Courtesy of Botanical Interests | www.bontanicalinterests.com
- Sow tomatoes indoors 4 to 6 weeks before your average last frost date. Starting tomatoes indoors gives you a nice head start for faster fruiting by providing warm temperatures for fast germination (ideally 70°–90°F).
- Up-pot seedlings from small cell containers to 3”–4” containers once the true, scalloped leaves appear. This gives their roots plenty of room to steadily grow.
- Transplant seedlings when air temperature is above 45°F and after hardening them off to keep them growing strong.
Learn more about growing tomatoes in Botanical Interests’ Tomato: Sow and Grow Article.
Tomatoes for any Space
Short or bush tomatoes are usually determinate types that stop growing when their top growth produces flowers, and all of their fruit is produced around the same time.
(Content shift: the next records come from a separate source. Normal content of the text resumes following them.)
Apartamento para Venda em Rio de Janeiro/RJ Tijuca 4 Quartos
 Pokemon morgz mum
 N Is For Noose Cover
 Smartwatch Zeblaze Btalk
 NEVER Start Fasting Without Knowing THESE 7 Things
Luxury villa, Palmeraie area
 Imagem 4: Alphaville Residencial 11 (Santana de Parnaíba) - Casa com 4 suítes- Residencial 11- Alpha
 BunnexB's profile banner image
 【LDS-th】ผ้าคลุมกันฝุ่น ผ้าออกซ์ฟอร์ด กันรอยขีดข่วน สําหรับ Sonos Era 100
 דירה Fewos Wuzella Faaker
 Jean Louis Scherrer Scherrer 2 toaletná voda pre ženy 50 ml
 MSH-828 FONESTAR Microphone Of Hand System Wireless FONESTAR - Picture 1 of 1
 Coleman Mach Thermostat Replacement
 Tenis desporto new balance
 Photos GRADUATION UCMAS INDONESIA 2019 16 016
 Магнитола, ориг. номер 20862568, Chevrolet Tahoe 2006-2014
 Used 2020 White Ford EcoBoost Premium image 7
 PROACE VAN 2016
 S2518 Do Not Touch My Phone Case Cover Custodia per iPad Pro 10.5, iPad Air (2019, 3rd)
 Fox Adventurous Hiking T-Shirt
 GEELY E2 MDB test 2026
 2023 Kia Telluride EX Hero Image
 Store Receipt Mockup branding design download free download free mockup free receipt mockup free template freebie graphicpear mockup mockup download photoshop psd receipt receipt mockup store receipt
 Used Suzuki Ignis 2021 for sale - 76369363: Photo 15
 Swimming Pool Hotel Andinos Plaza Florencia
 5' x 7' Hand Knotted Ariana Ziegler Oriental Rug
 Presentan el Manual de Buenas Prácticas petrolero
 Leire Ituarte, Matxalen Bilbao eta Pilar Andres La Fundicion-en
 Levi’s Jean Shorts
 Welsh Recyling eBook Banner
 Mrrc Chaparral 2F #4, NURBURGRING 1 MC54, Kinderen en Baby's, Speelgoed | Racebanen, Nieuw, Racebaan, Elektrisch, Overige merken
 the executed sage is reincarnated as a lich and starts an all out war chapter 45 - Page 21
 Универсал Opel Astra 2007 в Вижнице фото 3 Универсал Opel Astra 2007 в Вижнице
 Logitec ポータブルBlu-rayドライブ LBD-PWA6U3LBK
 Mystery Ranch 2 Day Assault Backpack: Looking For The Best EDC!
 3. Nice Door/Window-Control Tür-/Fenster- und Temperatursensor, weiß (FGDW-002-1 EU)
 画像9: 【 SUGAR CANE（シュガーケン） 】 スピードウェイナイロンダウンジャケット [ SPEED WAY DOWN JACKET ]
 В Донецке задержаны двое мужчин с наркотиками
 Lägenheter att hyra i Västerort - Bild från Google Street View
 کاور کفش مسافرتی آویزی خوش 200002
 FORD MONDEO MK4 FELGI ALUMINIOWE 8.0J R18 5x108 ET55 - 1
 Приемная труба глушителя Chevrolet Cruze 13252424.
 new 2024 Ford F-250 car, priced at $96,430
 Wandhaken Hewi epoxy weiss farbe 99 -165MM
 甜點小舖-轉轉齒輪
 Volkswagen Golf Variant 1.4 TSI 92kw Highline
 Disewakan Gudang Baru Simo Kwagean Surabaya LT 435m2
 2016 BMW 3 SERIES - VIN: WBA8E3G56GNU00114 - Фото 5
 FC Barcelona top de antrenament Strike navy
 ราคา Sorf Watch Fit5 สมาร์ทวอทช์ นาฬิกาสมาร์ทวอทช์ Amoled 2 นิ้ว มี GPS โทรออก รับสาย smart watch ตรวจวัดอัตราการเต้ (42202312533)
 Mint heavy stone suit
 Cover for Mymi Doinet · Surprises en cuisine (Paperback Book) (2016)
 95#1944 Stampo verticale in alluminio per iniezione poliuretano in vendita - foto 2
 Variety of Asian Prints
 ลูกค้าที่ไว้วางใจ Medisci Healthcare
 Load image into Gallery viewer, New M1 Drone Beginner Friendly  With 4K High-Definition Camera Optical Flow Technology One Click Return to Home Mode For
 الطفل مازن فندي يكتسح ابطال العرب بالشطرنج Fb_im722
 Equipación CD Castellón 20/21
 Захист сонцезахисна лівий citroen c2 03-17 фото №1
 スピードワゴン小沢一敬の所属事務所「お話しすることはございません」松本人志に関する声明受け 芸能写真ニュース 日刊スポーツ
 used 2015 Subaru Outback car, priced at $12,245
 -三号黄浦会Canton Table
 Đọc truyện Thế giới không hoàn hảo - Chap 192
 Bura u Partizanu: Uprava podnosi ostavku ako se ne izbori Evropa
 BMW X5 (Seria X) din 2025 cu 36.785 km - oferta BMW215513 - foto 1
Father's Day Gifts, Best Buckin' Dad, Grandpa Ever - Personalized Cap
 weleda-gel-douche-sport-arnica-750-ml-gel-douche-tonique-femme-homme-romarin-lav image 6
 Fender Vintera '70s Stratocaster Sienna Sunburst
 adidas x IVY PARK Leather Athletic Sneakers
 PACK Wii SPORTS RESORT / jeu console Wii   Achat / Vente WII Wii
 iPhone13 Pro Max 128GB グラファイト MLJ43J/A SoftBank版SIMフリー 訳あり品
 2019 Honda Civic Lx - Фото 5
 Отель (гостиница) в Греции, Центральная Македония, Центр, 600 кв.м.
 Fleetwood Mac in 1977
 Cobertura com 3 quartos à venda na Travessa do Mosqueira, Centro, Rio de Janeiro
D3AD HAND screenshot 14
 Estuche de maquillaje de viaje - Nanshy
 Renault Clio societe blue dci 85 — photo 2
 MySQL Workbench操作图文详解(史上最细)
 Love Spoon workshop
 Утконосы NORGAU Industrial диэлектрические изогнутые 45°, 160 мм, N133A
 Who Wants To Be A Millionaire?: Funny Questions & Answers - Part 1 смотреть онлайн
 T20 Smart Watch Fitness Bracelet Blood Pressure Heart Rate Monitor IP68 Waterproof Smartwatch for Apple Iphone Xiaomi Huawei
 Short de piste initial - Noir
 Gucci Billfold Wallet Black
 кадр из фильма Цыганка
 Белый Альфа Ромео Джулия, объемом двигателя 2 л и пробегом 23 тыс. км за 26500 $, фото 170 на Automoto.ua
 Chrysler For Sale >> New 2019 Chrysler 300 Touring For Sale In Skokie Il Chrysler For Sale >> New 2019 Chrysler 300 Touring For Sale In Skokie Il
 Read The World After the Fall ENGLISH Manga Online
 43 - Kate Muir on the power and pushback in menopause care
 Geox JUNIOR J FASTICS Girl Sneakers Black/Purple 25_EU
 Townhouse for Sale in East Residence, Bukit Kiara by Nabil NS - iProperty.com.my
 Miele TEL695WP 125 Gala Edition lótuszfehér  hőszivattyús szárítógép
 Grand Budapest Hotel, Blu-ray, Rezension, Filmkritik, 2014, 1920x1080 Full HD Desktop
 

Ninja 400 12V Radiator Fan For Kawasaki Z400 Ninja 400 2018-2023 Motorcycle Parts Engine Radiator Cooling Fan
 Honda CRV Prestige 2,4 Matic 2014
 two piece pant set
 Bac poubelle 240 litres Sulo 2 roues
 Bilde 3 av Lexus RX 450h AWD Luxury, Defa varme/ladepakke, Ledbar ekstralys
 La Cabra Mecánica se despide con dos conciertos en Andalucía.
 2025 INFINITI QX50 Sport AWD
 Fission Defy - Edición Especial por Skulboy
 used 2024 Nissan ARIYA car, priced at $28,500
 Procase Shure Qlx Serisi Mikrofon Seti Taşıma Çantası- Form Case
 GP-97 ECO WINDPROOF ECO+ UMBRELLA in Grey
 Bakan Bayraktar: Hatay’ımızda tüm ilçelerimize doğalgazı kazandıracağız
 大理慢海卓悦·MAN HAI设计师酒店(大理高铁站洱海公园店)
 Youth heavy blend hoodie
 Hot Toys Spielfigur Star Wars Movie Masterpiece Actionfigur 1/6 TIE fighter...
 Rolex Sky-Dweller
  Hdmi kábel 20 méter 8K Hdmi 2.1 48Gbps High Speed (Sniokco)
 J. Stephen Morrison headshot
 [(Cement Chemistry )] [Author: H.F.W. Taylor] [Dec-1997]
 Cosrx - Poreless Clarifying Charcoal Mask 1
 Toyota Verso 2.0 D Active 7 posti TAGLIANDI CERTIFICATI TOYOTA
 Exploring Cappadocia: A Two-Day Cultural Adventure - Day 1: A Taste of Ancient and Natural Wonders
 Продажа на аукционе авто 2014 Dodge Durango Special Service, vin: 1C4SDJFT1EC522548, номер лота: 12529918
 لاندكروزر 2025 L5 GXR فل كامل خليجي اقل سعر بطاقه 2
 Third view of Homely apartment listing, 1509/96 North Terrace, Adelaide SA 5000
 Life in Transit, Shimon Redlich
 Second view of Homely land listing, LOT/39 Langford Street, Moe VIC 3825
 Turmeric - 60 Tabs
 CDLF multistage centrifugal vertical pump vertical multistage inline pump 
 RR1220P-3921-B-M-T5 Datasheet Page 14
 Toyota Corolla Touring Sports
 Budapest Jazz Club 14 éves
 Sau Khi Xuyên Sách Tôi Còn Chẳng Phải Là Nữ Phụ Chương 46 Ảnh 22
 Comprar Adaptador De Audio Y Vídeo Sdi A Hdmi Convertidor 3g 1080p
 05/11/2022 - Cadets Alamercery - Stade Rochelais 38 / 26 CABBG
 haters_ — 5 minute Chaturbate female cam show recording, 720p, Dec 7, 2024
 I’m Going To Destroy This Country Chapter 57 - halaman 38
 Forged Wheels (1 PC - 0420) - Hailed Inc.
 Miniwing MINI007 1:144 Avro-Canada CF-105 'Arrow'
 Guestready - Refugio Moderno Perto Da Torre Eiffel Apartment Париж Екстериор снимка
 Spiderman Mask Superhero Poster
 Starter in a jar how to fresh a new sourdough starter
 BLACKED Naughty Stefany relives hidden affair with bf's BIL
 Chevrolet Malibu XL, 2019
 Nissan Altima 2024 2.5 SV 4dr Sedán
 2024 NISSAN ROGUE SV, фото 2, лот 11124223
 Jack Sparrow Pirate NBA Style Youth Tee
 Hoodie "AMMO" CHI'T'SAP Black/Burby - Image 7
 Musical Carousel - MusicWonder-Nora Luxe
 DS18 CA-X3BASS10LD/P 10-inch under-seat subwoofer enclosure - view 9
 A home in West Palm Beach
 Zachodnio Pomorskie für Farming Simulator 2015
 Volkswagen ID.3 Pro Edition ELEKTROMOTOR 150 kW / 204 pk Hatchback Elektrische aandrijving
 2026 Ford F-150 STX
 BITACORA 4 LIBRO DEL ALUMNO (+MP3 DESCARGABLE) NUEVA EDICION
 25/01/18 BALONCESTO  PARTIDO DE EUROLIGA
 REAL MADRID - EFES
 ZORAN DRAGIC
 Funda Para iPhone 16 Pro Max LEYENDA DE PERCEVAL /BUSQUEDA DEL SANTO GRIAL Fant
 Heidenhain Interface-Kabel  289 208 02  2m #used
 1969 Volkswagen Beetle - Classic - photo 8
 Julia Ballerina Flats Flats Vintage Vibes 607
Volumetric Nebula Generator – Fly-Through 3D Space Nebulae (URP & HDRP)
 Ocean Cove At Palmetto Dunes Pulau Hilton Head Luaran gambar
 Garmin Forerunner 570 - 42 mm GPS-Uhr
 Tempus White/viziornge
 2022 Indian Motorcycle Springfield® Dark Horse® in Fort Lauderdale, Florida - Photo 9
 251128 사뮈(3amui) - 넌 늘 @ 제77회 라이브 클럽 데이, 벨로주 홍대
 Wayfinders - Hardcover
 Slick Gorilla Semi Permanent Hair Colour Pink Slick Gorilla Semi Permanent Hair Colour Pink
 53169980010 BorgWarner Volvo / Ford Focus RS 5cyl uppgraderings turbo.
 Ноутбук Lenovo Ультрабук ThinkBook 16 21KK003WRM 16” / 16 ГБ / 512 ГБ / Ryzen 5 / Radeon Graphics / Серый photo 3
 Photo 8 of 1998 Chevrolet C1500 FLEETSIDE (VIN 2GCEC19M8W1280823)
These types are ideal for containers, small spaces, and for harvesting a lot of fruit at once to can or freeze.
Tall or pole tomatoes are indeterminate types. Because they can reach 6’ or more, resembling more of a vine than a bush, some sort of support is ideal. Indeterminate tomatoes keep growing and producing flowers and fruit on their growing tips until freezing temperatures set in. Because of their height, growing these in containers can be a top-heavy challenge.
Tips for Growing Tomatoes in Containers
- Go big! Choose containers that are 4 gallons or larger to accommodate the large root system of a tomato plant.
- Stake or cage your bush tomatoes to prevent damage from wind and keep fruit off the soil, which can cause damage.
- Sow a few successions of bush/determinate tomatoes 3 weeks apart to keep the harvest coming!
Tips for Growing Tall Tomatoes
- Trellising saves space as compared to caging. You can plant tomatoes at almost half the spacing and they will be narrower on a trellis.
- Choose tall, sturdy cages and consider adding a stake to secure them in the ground. Remember, pole tomatoes can get 6’ tall or taller and that is a lot of weight.
- Harvest frequently to keep plants producing more fruit.